Millions of rail passengers are to be given more help to claim money back when their train is delayed, the industry has promised.
The Office of Rail and Road (ORR) – the regulator – has admitted that 80% of passengers do not claim compensation.
Now there is to be a new website, a national publicity campaign, and better staff training, to encourage claims.
The ORR was responding to a so-called “super-complaint” by the consumer group Which?
Which? had complained in December 2015 that millions of people were being left out of pocket by the system.

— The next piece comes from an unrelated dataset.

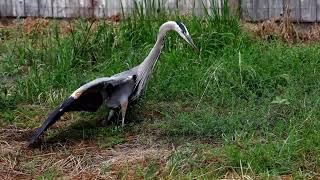 My heron hunting guide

Under the law, the ORR had 90 days to respond. It admitted that passengers’ awareness of their rights was not high, and that the system needed to improve.
Barcodes and downloads
“We want all passengers to be able to claim the compensation they are entitled to. The information they receive needs to be better and the process must be clearer and simpler,” said ORR chief executive Joanna Whittington.
Now the industry is proposing:
A campaign to encourage awareness among passengers
Clearer forms to make claiming easier
Better staff training
A new National Rail Enquiries website, which would have links to claim forms
More social media alerts and barcodes on posters, to enable forms to be downloaded on phones
More public announcements and forms handed out on trains
Which? said the proposals were a step in the right direction.

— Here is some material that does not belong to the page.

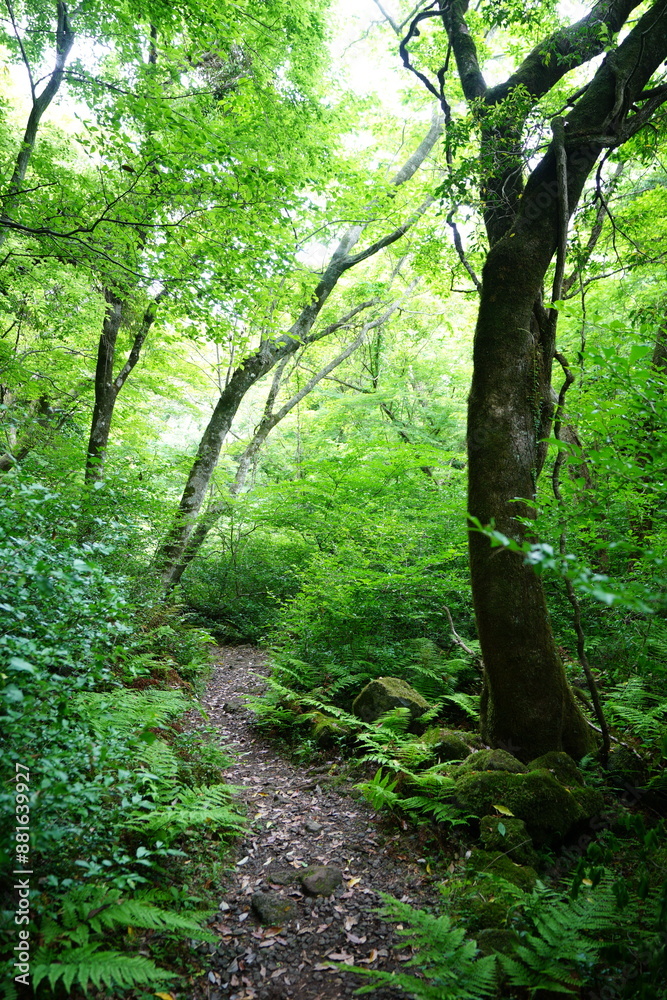 Fototapeta premium spring forest path through mossy rocks and old trees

“But this alone will not be enough to solve the problem for passengers in the long term,” said Richard Lloyd, the organisation’s executive director.
“The government must now ensure that the rail regulator has all the powers and duties it needs to be a consumer watchdog with real teeth.”
How to claim compensation
Click here for more information
The amount of compensation paid to passengers more than doubled to £25.6m between 2013 and 2015, according to the Rail Delivery Group, which represents the train operators.
Since last July, passengers have also been entitled to compensation in cash, rather than through vouchers.
Different train operators still have different agreements on compensation, but generally passengers qualify if their train is delayed by more than 30 minutes.
So-called “Delay Repay” is gradually being introduced across the network, which means that compensation will be paid regardless of what caused the delay.
From April, all but four operators will be signed up to the scheme.
In addition some operators, including Virgin and C2C, make automatic refunds in certain circumstances.